## Assigned task
If an entry below contains an image, drop the image and retype the rest exactly.

[Data provided — start]

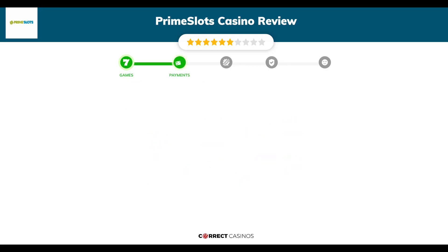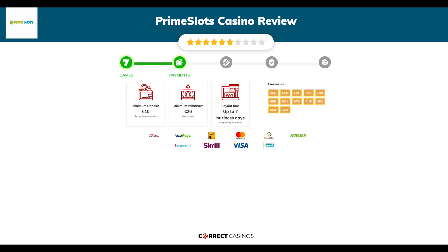Chapter 2: Payments. The minimum deposit amount at Prime Slots Casino is just €10, and the minimum cash out amount is €20, which might vary depending on your currency. The usual cash out time is up to 7 business days, but this is also depending on the selected withdrawal method. You can deposit or withdraw with AstroPay, EchoPayZ, Interac, MasterCard, MuchBetter, and others.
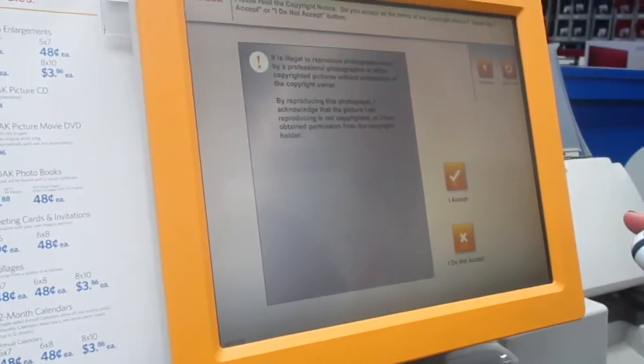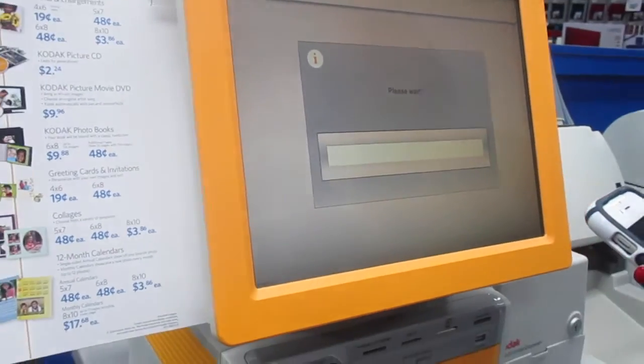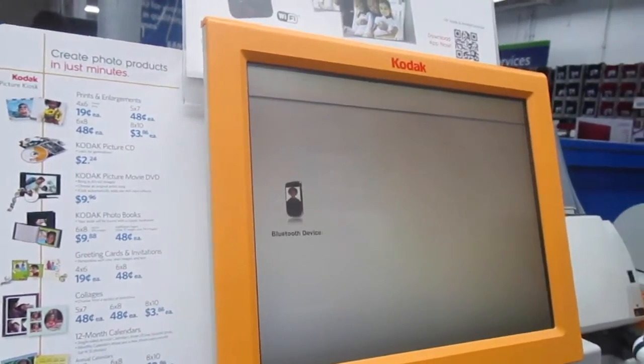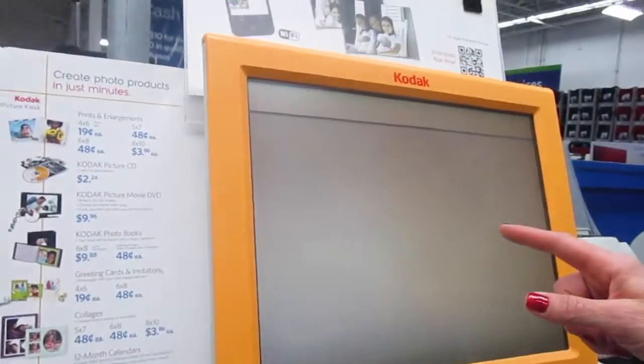We're at Sam's Club and we are printing my brother's and sister's birthday invitations. They have this little printer or kiosk thing that prints out your own invitations.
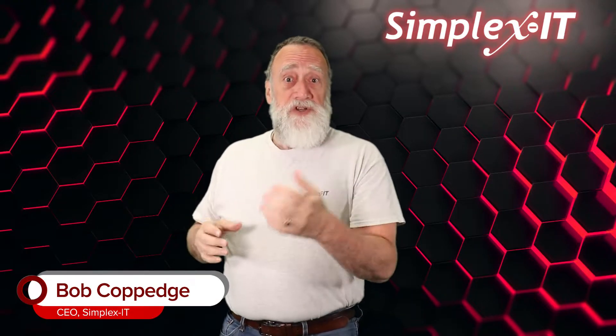What is Silo IT? Bob here. Silo IT is a way of delivering IT services or support to an organization, usually as part of a co-managed IT relationship.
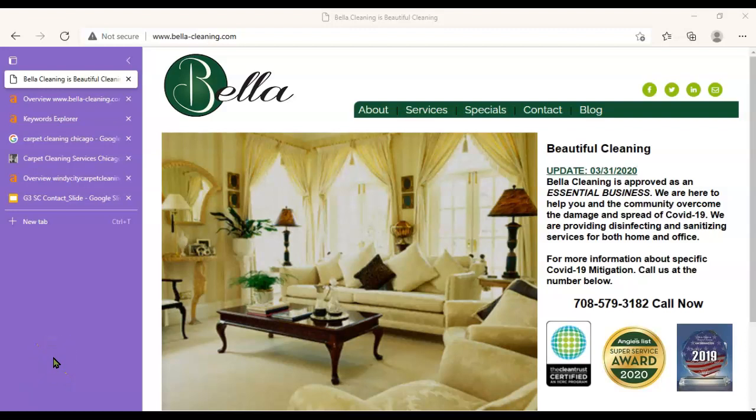Hi, Gary Oceana here with G3 Agency. This is your free website audit for Bella. The idea behind this video is I'd like to show you how you can get in front of people searching for your services on Google. This is totally free — this is my gift to you, and you can do with this information whatever you would like.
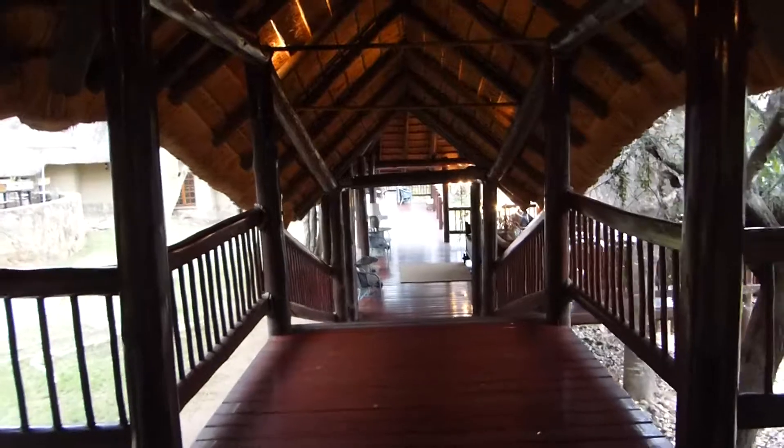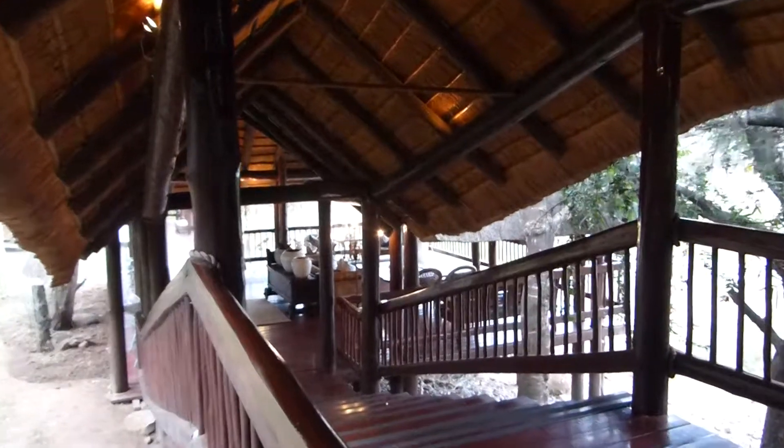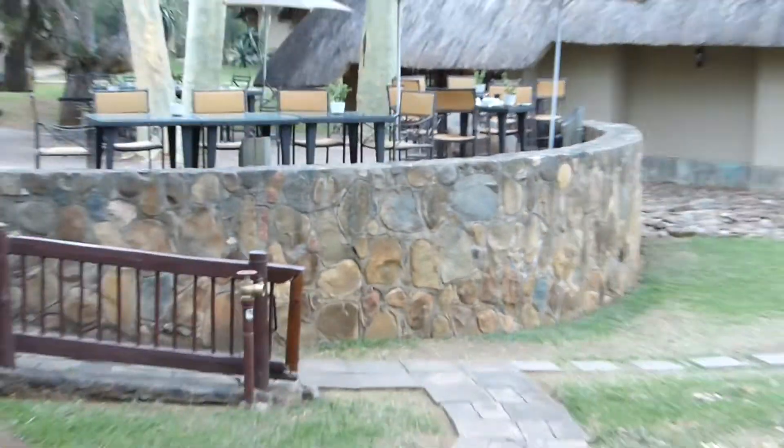And that goes down into a beautiful little sitting area, which I think I can zoom in for you to see. You sit down there. This is like the patio where you have lunch and breakfast.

[Data provided — finish]

## Written response
Chapter 2: Payments. The minimum deposit amount at Prime Slots Casino is just €10, and the minimum cash out amount is €20, which might vary depending on your currency. The usual cash out time is up to 7 business days, but this is also depending on the selected withdrawal method. You can deposit or withdraw with AstroPay, EchoPayZ, Interac, MasterCard, MuchBetter, and others.
We're at Sam's Club and we are printing my brother's and sister's birthday invitations. They have this little printer or kiosk thing that prints out your own invitations.
What is Silo IT? Bob here. Silo IT is a way of delivering IT services or support to an organization, usually as part of a co-managed IT relationship.
Hi, Gary Oceana here with G3 Agency. This is your free website audit for Bella. The idea behind this video is I'd like to show you how you can get in front of people searching for your services on Google. This is totally free — this is my gift to you, and you can do with this information whatever you would like.
And that goes down into a beautiful little sitting area, which I think I can zoom in for you to see. You sit down there. This is like the patio where you have lunch and breakfast.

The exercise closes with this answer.